[[ DATA PROVIDED open ]]

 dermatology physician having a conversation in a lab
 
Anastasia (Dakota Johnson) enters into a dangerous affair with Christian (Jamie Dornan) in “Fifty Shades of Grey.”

[[ DATA PROVIDED closed ]]
[[ DATA PROVIDED open ]]

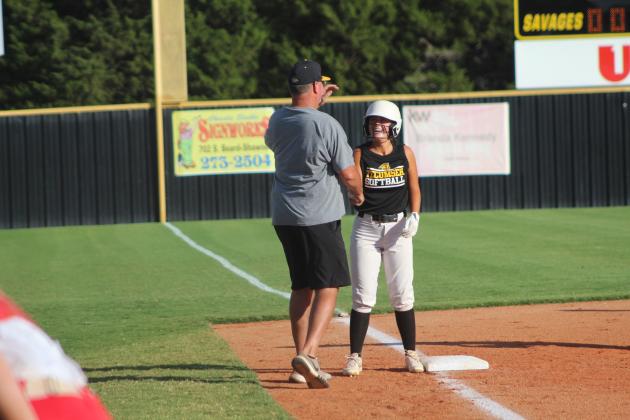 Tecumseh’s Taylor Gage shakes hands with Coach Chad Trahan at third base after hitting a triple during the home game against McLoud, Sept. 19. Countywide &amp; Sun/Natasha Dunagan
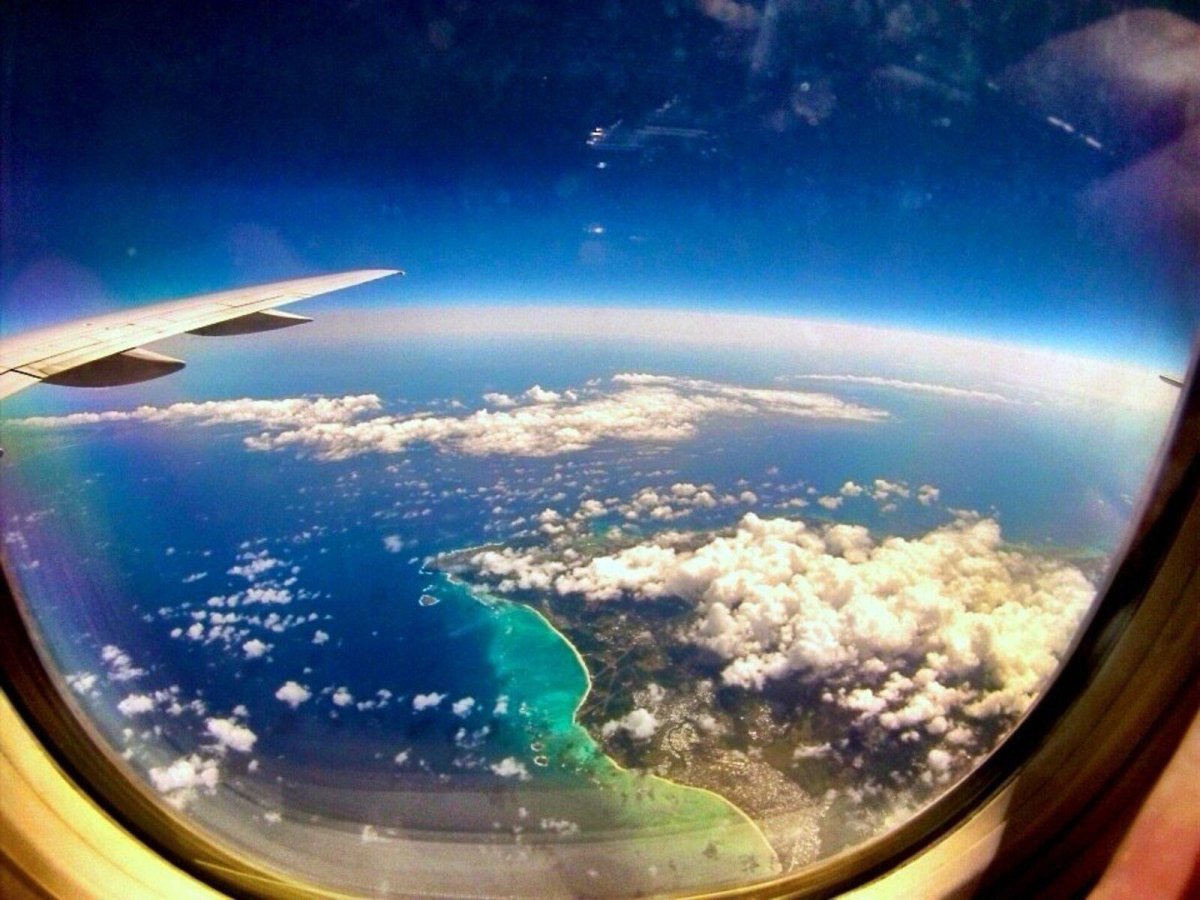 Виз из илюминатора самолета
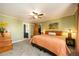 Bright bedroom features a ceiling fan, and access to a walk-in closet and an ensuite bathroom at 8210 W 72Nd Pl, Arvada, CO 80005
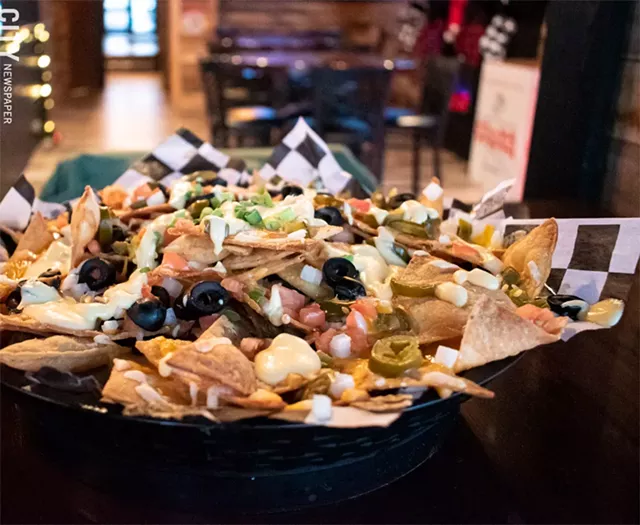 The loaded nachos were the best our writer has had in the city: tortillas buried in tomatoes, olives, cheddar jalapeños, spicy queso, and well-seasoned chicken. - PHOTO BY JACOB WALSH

[[ DATA PROVIDED closed ]]
[[ DATA PROVIDED open ]]

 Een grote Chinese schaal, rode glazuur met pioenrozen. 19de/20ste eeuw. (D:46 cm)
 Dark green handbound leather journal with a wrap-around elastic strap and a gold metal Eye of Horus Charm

[[ DATA PROVIDED closed ]]

- _TASK GOAL_
The stretch of entries above that starts with the line containing "dermatology physician having" and goes on through the line containing "Anastasia (Dakota Johnson)" is to be transcribed exactly, and no other line is to be transcribed.

- _ANSWER_
 dermatology physician having a conversation in a lab
 
Anastasia (Dakota Johnson) enters into a dangerous affair with Christian (Jamie Dornan) in “Fifty Shades of Grey.”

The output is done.